_Task to carry out_
The answer must restate the listing word for word, without its images.

_Dataset section_
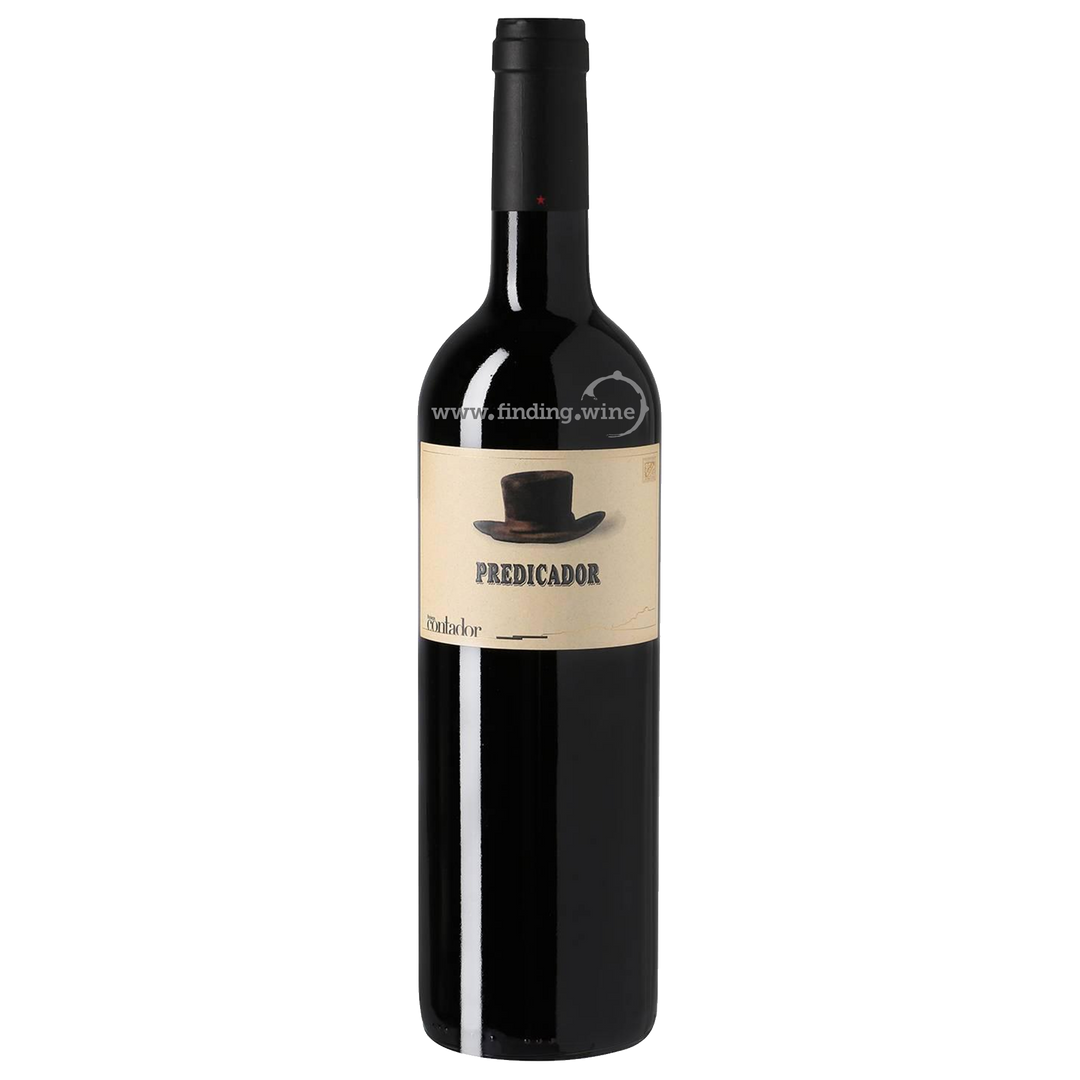 Bodega Contador  - 2019 - Predicador Tinto  - 750 ml.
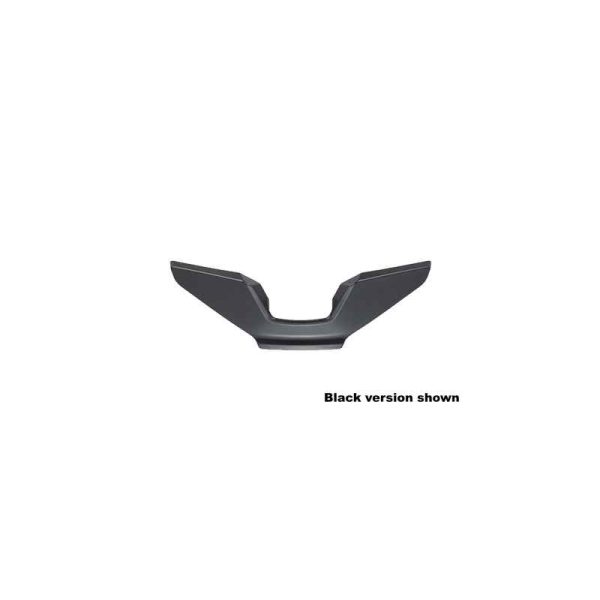 SHOEI NEOTEC 3 LOWER VENT SHUTTER L.SILVER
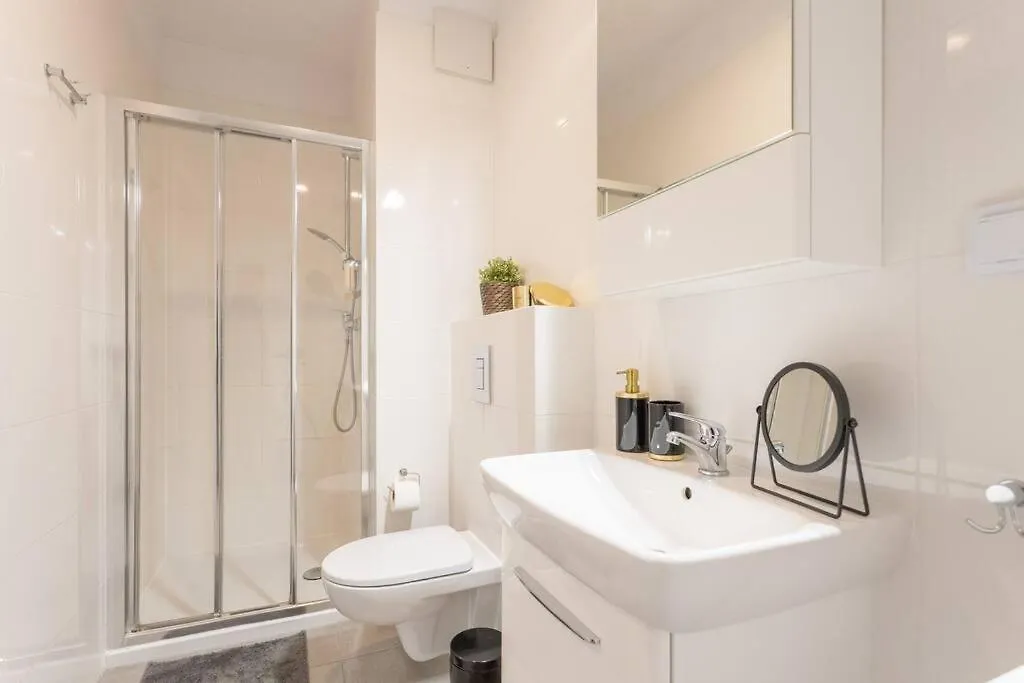 Appartamento Urban Chic - Warsaw Stays -Cozy And Stylish - Rondo Onz - Pereca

_Response to the task_
 Bodega Contador  - 2019 - Predicador Tinto  - 750 ml.
 SHOEI NEOTEC 3 LOWER VENT SHUTTER L.SILVER
 Appartamento Urban Chic - Warsaw Stays -Cozy And Stylish - Rondo Onz - Pereca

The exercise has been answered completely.